CS 310 Programming Assignment #2

Searching and Hashing

Due: Friday, March 12 12:00 PM (noon)

Overview

For this assignment, you have to design a hash table that is used as the basis for implementing an "in-memory" database of student records.

You have to design and implement methods for

    1. Inserting new records into the database
    2. Deleting an existing record
    3. Printing a record in response to a query

Each record contains the following information

    1. Student name (the name has three fields: first name, middle initial, and last name)
    2. Student id (a 9 digit string, e.g. "0102239441")
    3. Student status (e.g., "Freshman", "Graduate", "Senior", etc.)

A user of the database should be able to type in the student’s last name OR the student’s ID to retrieve all the information in a student record. Most of the queries on the database use the student’s ID to search for the student’s information. Thus, the student’s ID should be the primary key for your hash table. However, some of the queries submitted to the system require a search for the student’s last name. What this means is that you have to be able to search for a student’s record if supplied either the student’s last name or the student’s id.
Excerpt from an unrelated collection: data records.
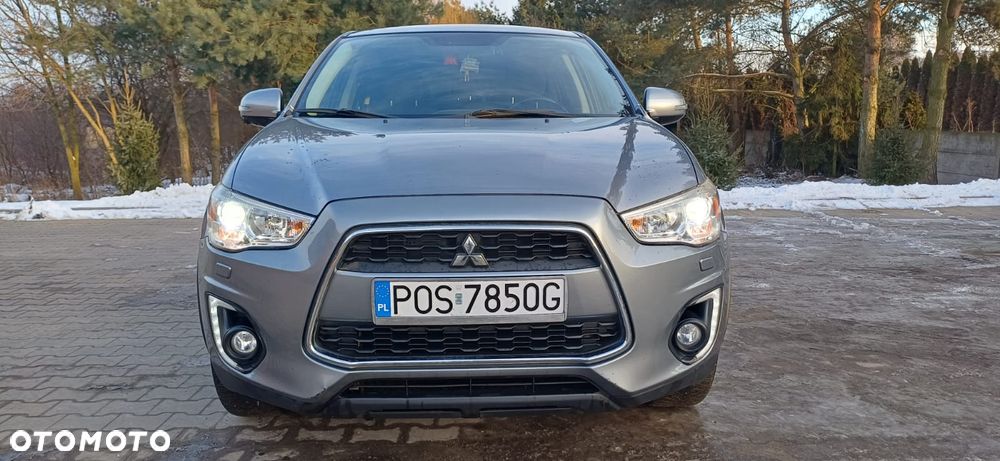 Mitsubishi ASX - 2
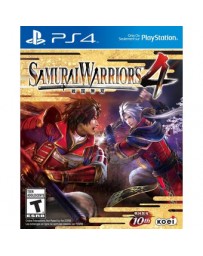 Samurai Warriors 4 0257 - Envío Gratuito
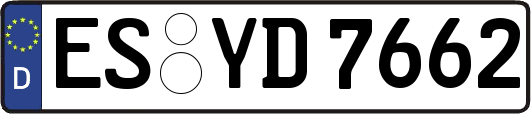 ES-YD7662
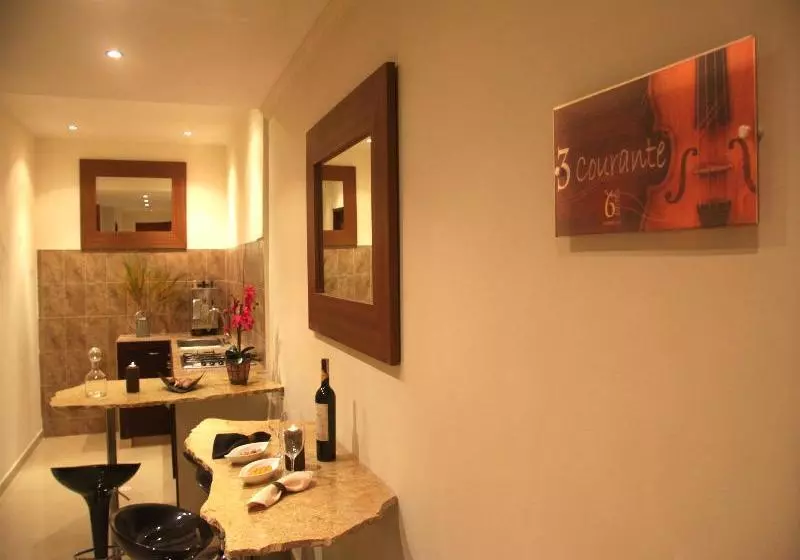 Fotos del hotel 6 Suites:  12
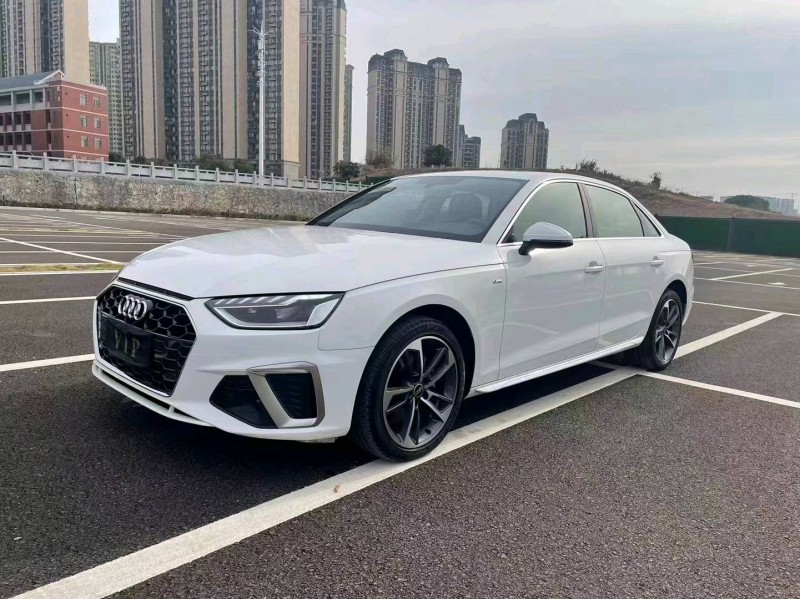 宜昌23年奧迪A4L2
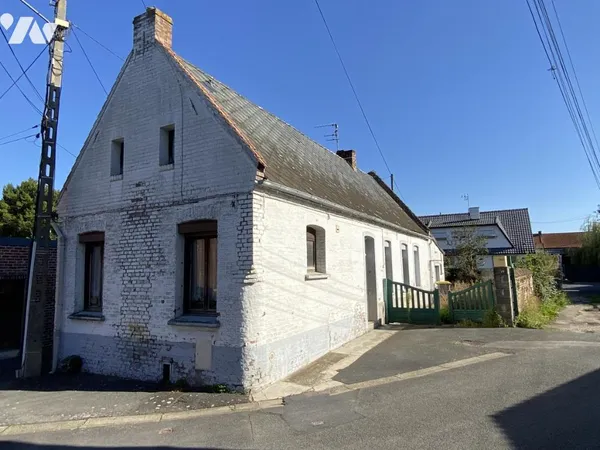 Maison 3 pièces 80 m²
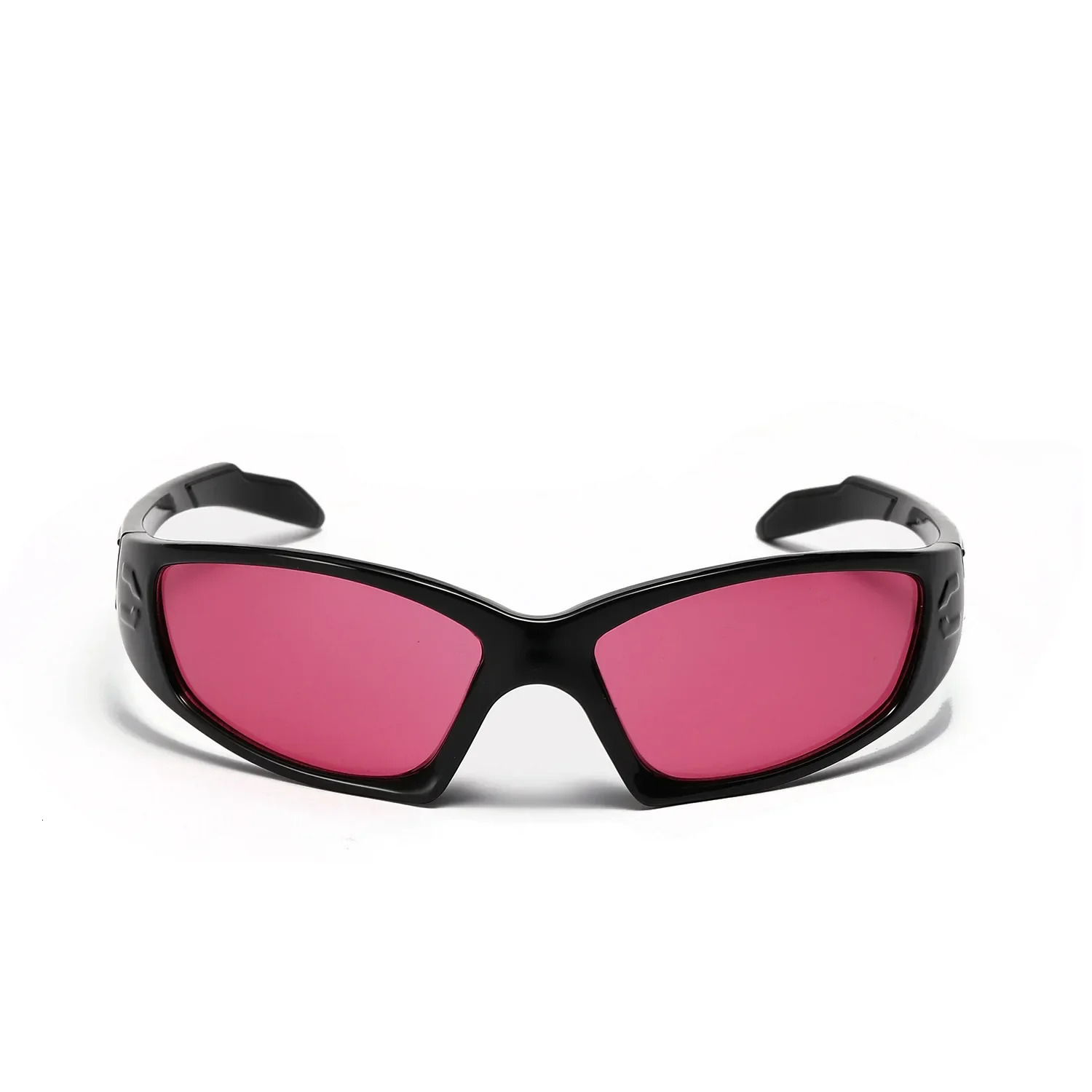 est Fashion transparent Sunglasses Cycling Glasses Women Mens Driving Outdoor Sports Fishing Hiking Blackout 250512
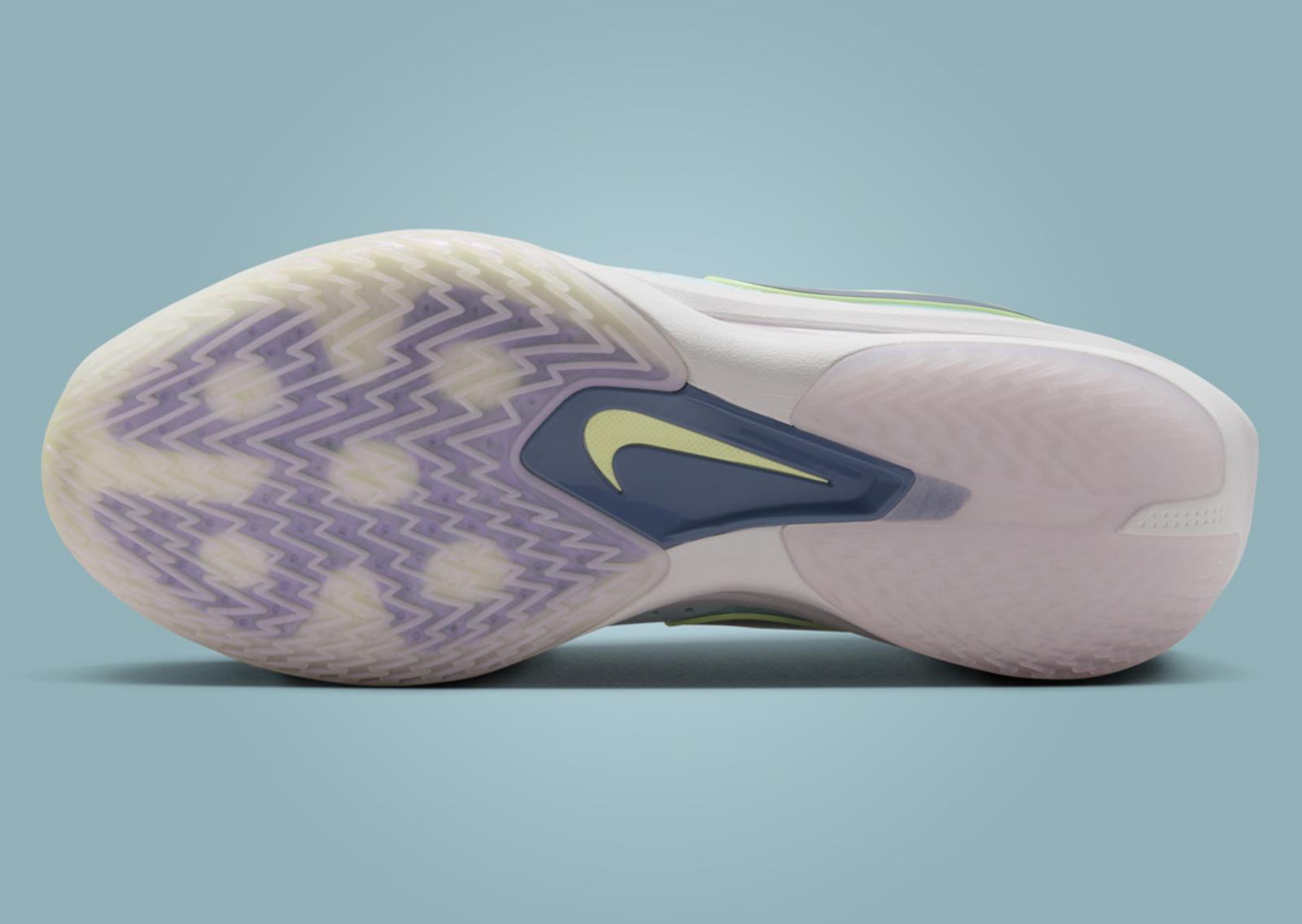 Nike Zoom GT Cut 3 Pastel Outsole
Your data structures and algorithms should be designed to try and minimize the number of comparisons needed for a search.

An interface for the hash table will be provided to you (in file hash.H); your task is to complete the implementation. You may not change any of the public part of the interface or the given student record type and you must implement all of the given public methods. Your hashing function should use the primary key (the student ID) as input. Your database should be implemented as a chained hash table (see Figure 9.14 of the text), where each chain is an ordered list (ordered using the student’s last name). When searching for a given last name, you should take advantage of the fact that the lists are ordered.

Input

We will provide you with a driver routine for this assignment (in file main.C). The main() routine presents a menu to the user with 5 options: Insert a record, Remove the record corresponding to the student whose ID is specified , Retrieve the record(s) of the student(s) whose last name is specified, Retrieve the record of the student whose ID is specified, and Exit.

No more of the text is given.